# Available data:
───

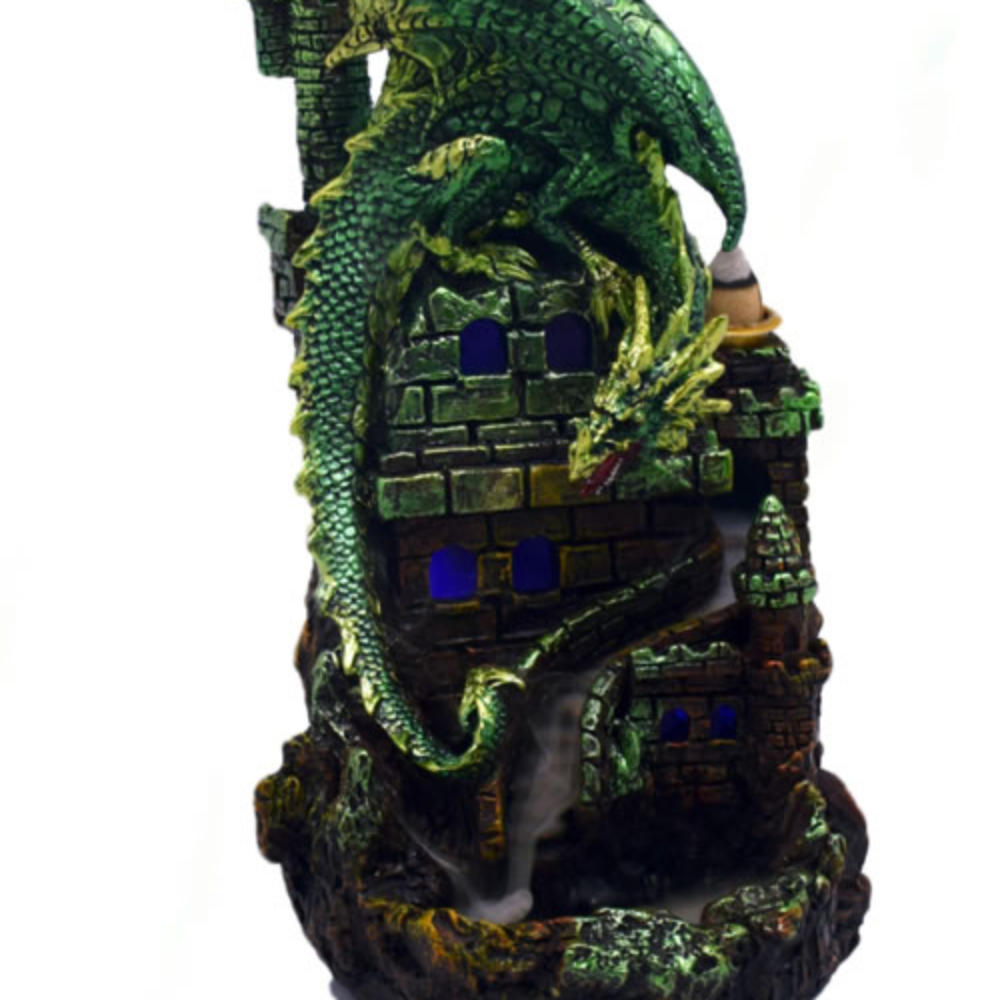 Green Dragon Backflow Burner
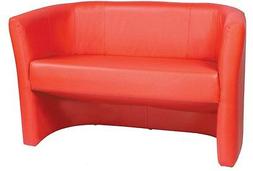 Divanetto Da Ufficio Moderno 2 Due Posti In Ecopelle Vari Co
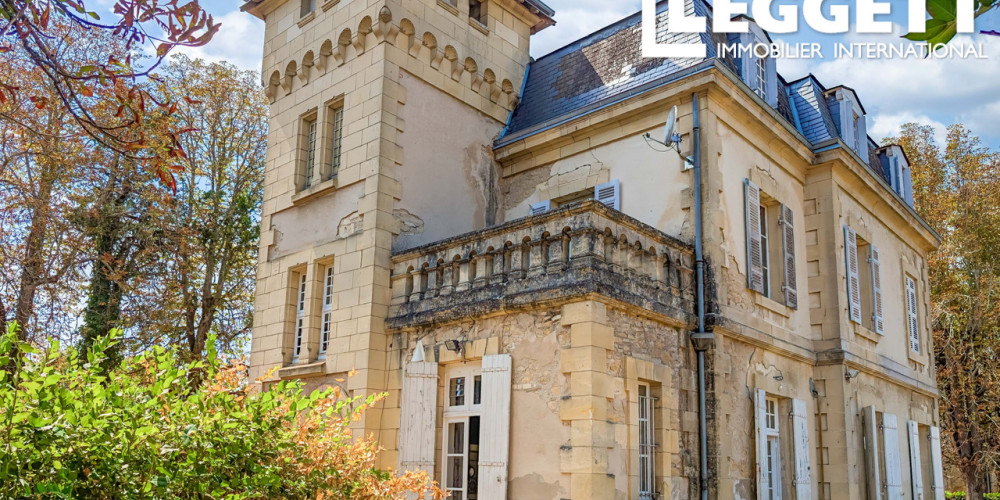 maison à LE BUISSON DE CADOUIN (24480)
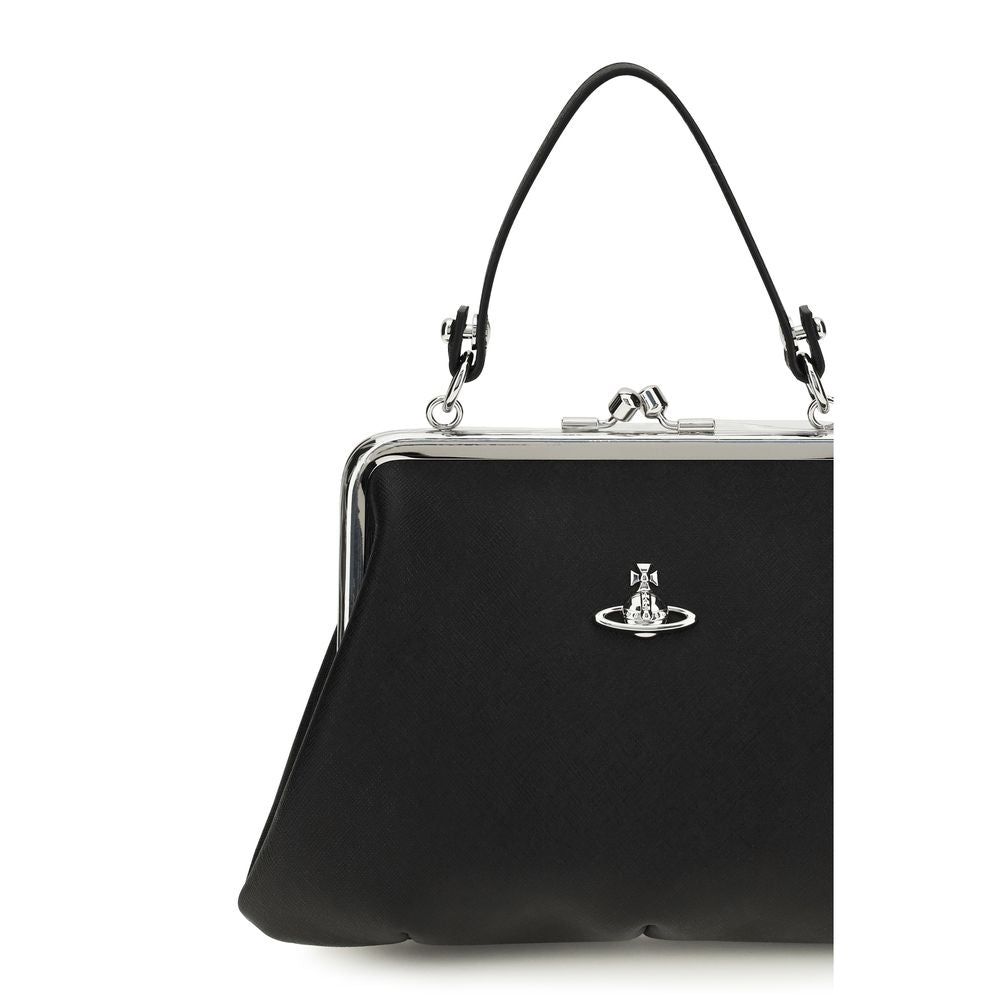 Vivienne Westwood Schwarze Handtasche aus Polyethylen – Produktansicht 4 | Arca Lucia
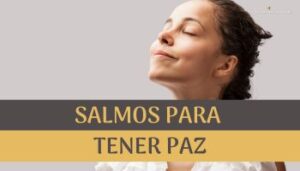 Salmos para tener paz
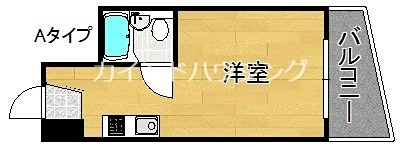 アーバンシティ岸里PARTⅡ 間取り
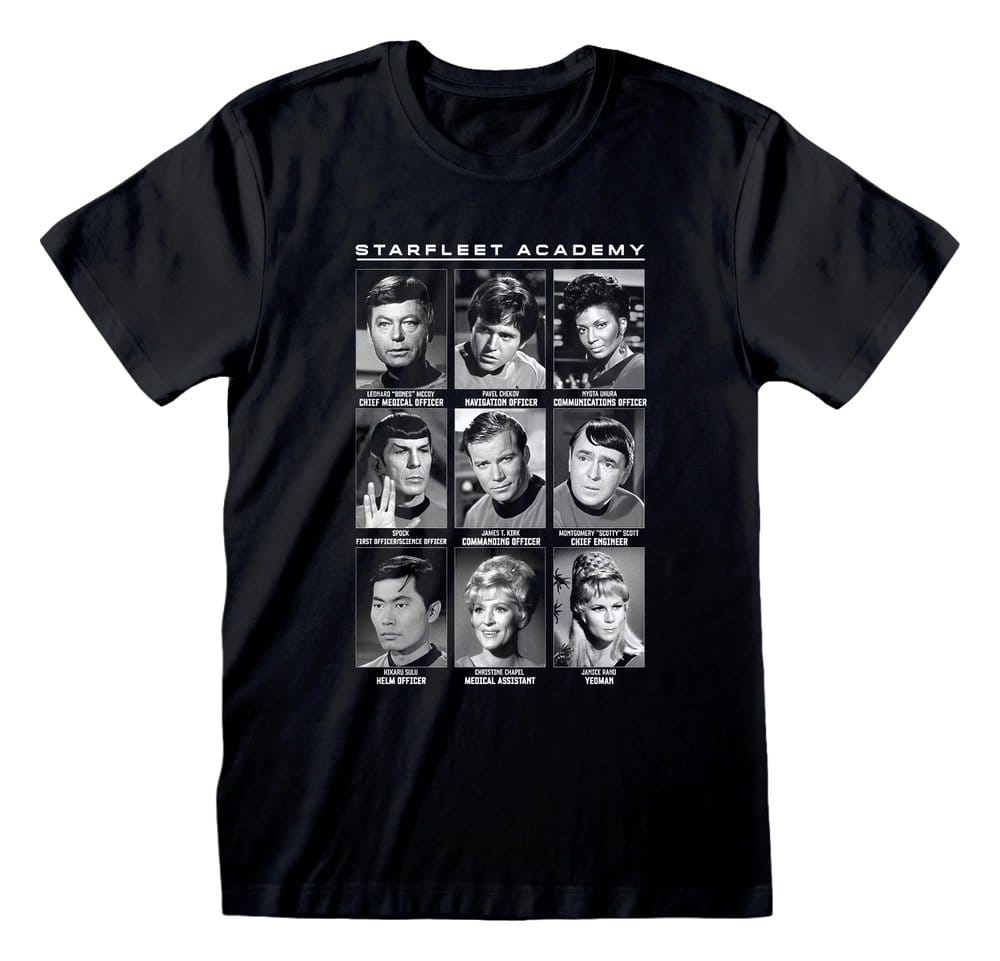 Star Trek T Shirt Scrapbook Size L Heroes Inc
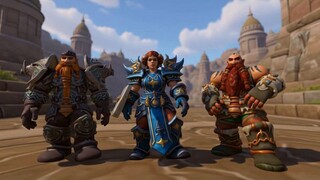 dwarp dance  #WOWCLASSIC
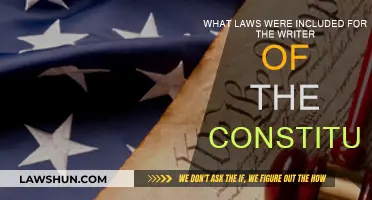 Constitution Writers: Laws and Their Intent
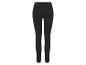 Leggings noirs unis.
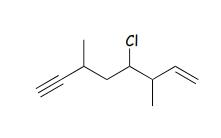  (c) name the following compound using IUPAC rules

───

The answer should contain only the lines from the one with "Divanetto Da Ufficio" through the last line of the material, given word for word and without pictures.

 Divanetto Da Ufficio Moderno 2 Due Posti In Ecopelle Vari Co
 maison à LE BUISSON DE CADOUIN (24480)
 Vivienne Westwood Schwarze Handtasche aus Polyethylen – Produktansicht 4 | Arca Lucia
 Salmos para tener paz
 アーバンシティ岸里PARTⅡ 間取り
 Star Trek T Shirt Scrapbook Size L Heroes Inc
 dwarp dance  #WOWCLASSIC
 Constitution Writers: Laws and Their Intent
 Leggings noirs unis.
  (c) name the following compound using IUPAC rules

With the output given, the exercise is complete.